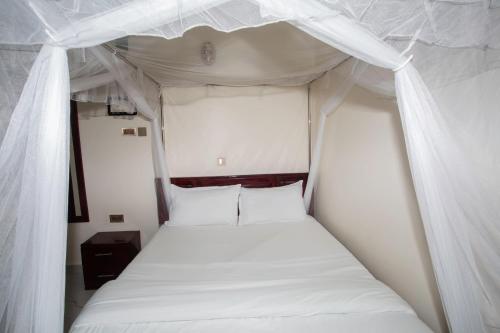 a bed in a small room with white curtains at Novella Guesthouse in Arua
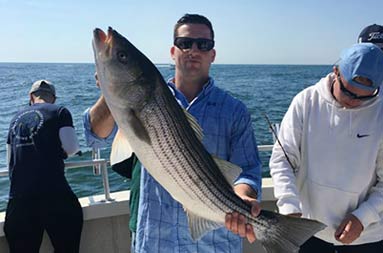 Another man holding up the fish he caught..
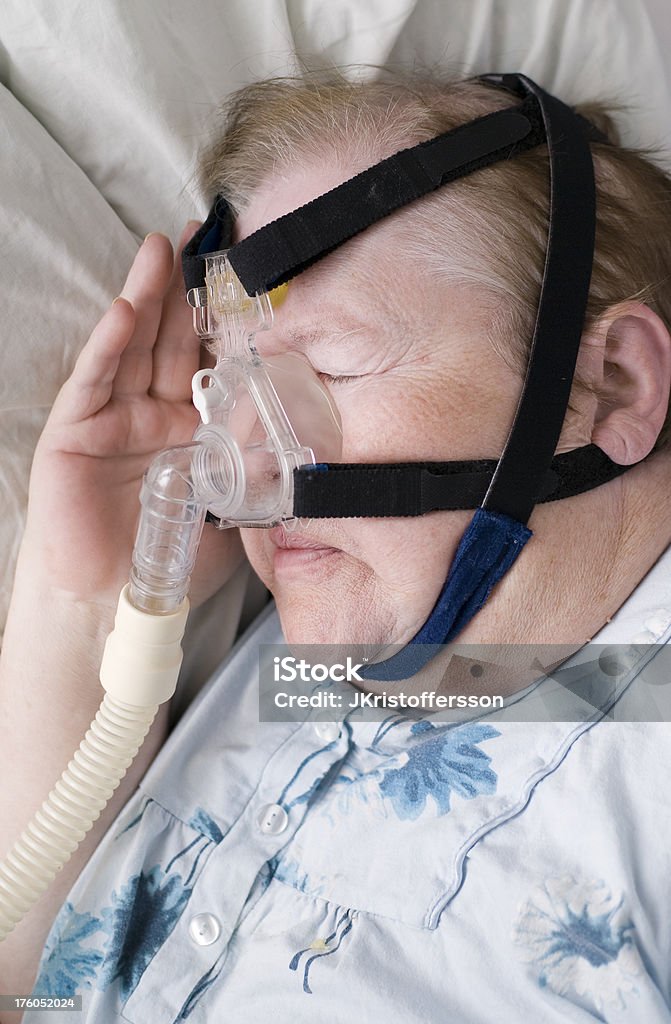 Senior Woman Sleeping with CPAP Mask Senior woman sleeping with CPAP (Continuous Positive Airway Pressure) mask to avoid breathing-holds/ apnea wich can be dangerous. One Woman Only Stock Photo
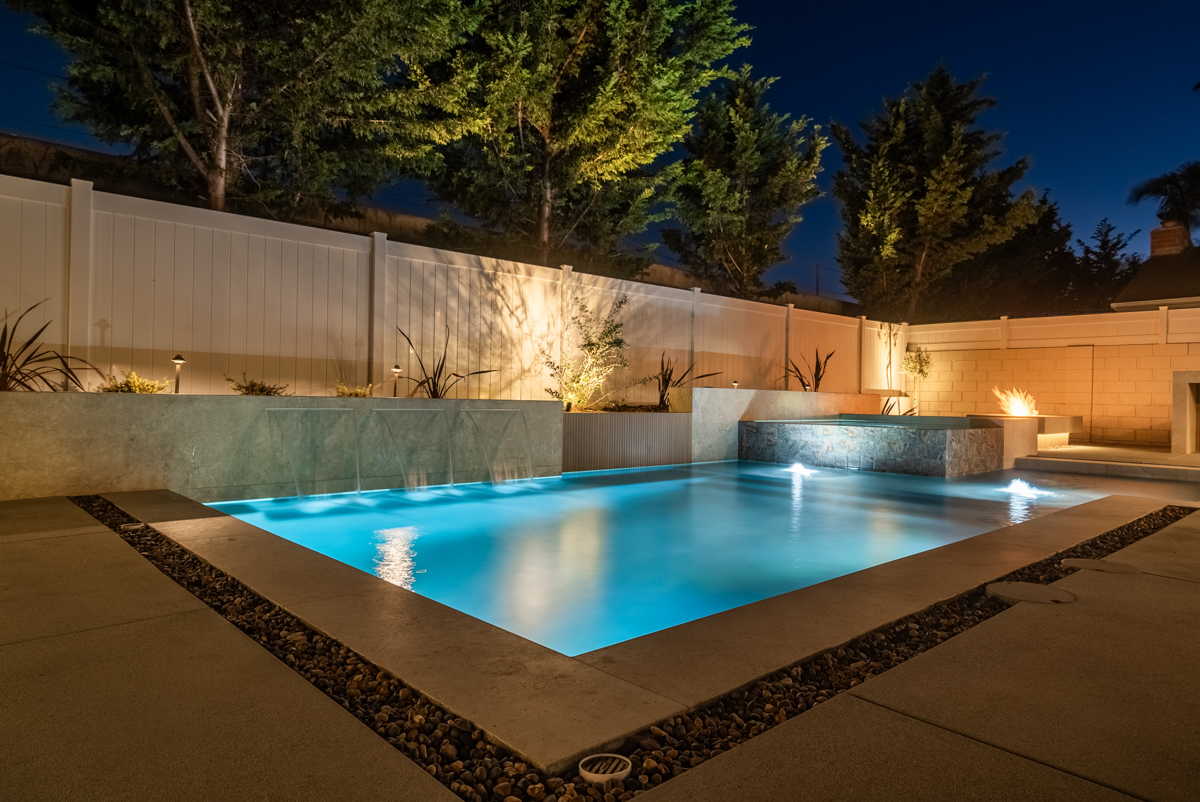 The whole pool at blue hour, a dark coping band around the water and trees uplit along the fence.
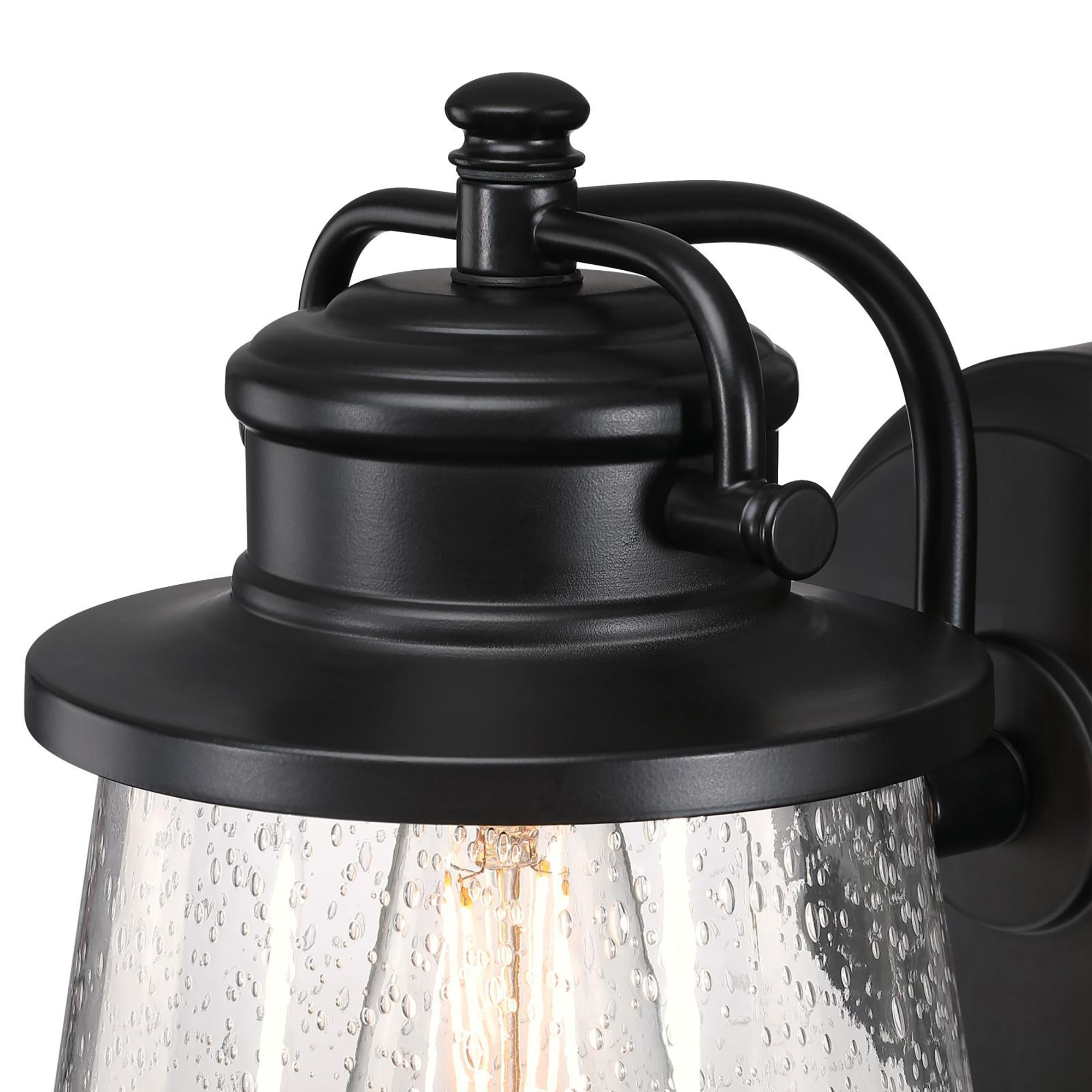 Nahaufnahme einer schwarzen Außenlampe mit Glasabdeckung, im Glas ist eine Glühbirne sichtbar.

— PROMPT —
Omit the pictures; print the records above exactly.

— TASK SOLUTION —
 a bed in a small room with white curtains at Novella Guesthouse in Arua
 Another man holding up the fish he caught..
 Senior Woman Sleeping with CPAP Mask Senior woman sleeping with CPAP (Continuous Positive Airway Pressure) mask to avoid breathing-holds/ apnea wich can be dangerous. One Woman Only Stock Photo
 The whole pool at blue hour, a dark coping band around the water and trees uplit along the fence.
 Nahaufnahme einer schwarzen Außenlampe mit Glasabdeckung, im Glas ist eine Glühbirne sichtbar.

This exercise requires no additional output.